What if one of our other three boys has a football injury while we are gone? 
How is my mom, as amazing as she is, going to fill in for two very involved parents when there is only one of her? 
What if my husband's surgery doesn't go well? 
What if the hospital releases him before he is able to tolerate the drive home? 

On and on it went - Why? How? What?

Being in that mindset reminded me that as much as I want to be, I am not the one in control. Almost every aspect of my life reminds me of how desperately I need God to manage all of the details, because the the sheer totality of them is beyond what I can manage on my own.

I locked myself in the bedroom to pack undisturbed, and the tears began to flow. 

I told God, "I don't think I can do this!" I am pretty sure God was relieved that I finally held the burden out to Him as He thought,"Absolutely you cannot!

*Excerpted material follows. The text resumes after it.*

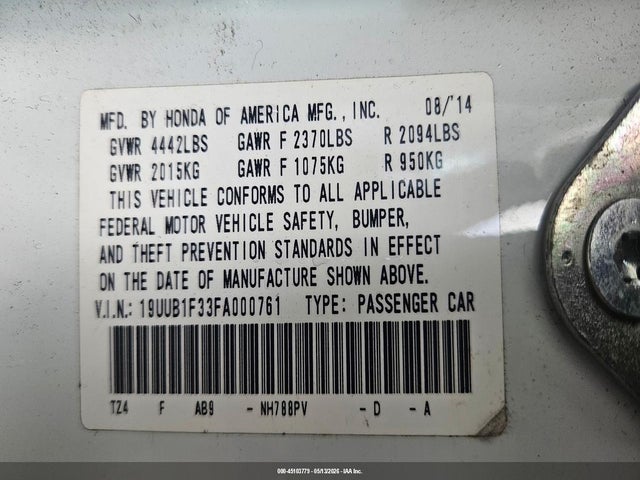 Acura TLX 2015 19UUB1F33FA000761 Image 9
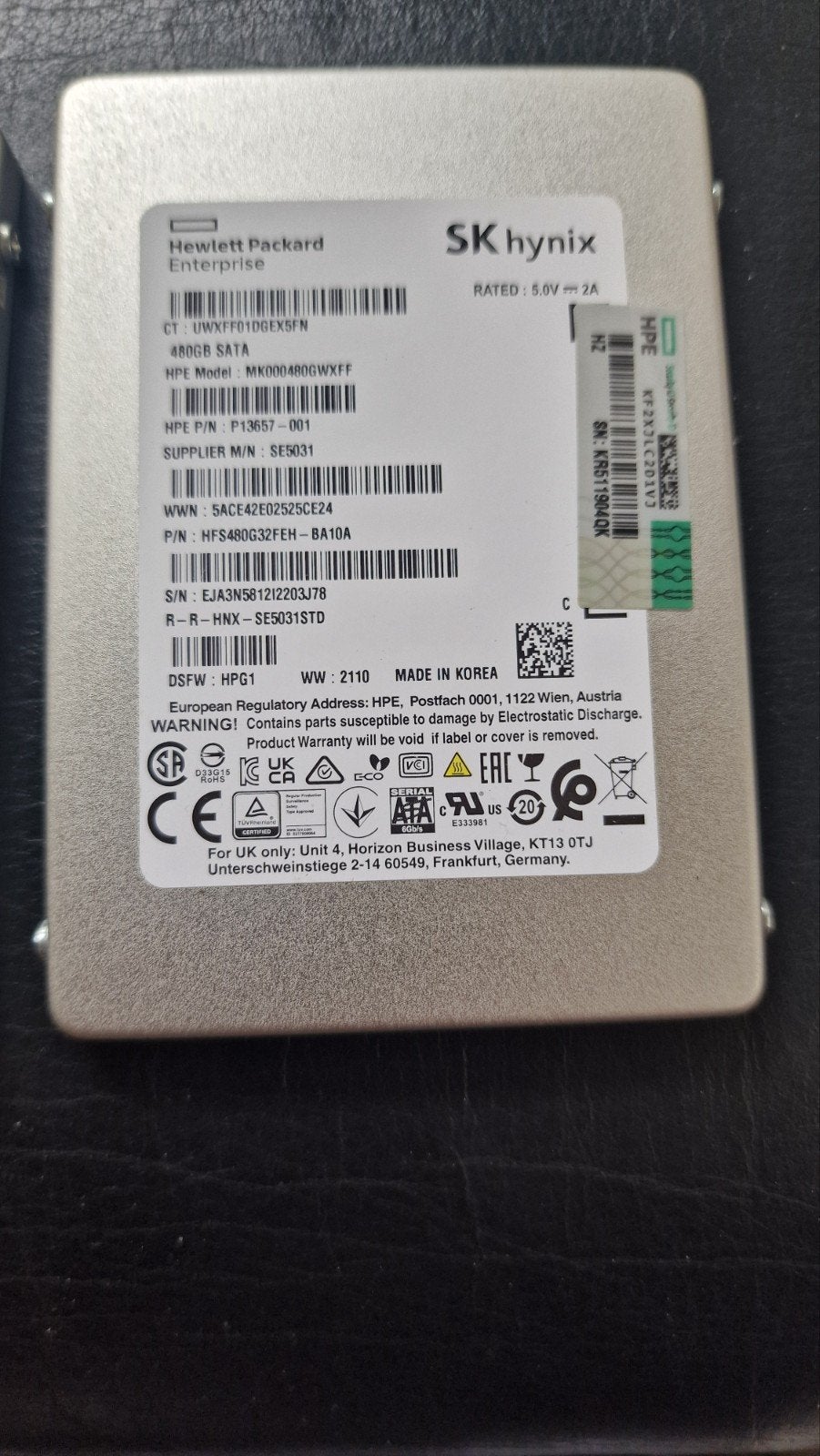 SK hynix HPE 480GB SATA SSD -  nieuw, Computers en Software, Harde schijven, 480GB, Server, Ophalen of Verzenden, Zo goed als nieuw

But I can!!!" 

I had read a few weeks earlier that "Peace is submission to a Trustworthy Authority, not resignation from activity" 

As I began to surrender all of my feelings, a text came through from a friend with a song whose lyrics include, "There's a light in the darkness shining, there's a peace for the restless soul... Jesus." 

I texted back and revealed my struggle at that moment, and my friend responded with encouragement not to worry (Luke 12:22-32)

and with suggestions that I address my feelings of anxiety and stress with the truth:

I could handle everything with God's strength (Philippians 4:23),

God's assurances of love and protection can still my fear and lead me to trust Him. (Psalm 27:1),

and I could recognize that God has revealed Himself as Healer. (Exodus 15:26b). 

The night before, this same friend had come over and prayed for my husband in our living room, asking God that a river of peace flow over him.

Our friend did not know that my husband had been singing the phrases, "peace like a river attendeths my soul" and "I've got peace like a river in my soul" to himself whenever anxiety began to approach him. 

Our friend did not know that I had been reading a book that talked about the meaning of that phrase - peace like a river: "God chose a very unique word to describe His peace--a river! A river is not calm and void of activity. It is active and cleansing and confident of the direction it is headed in. A river doesn't get caught up with rocks in its path. it flows over and around them, all the while smoothing their jagged edges and allowing them to add to its beauty rather than take away from it. A river is a wonderful thing to behold."

Another quote explained, "To have peace like a river is to have security and tranquility while meeting the many bumps and unexpected turns on life's journey." 

So, as I am getting ready in less than an hour to accompany my husband to the hospital  where the staff will begin preparing him for brain surgery, I am focused on having peace like a river.

God's truth tells me that if I listen to Him and not to my own desperate thoughts, 
I will have peace flowing like a river (Isaiah 48:18). 

I have confidence that God has all of it under His care, faith that every detail of my family's day today will go according to His plan, and trust that His plan is always the best one even when I cannot see around the river's bend.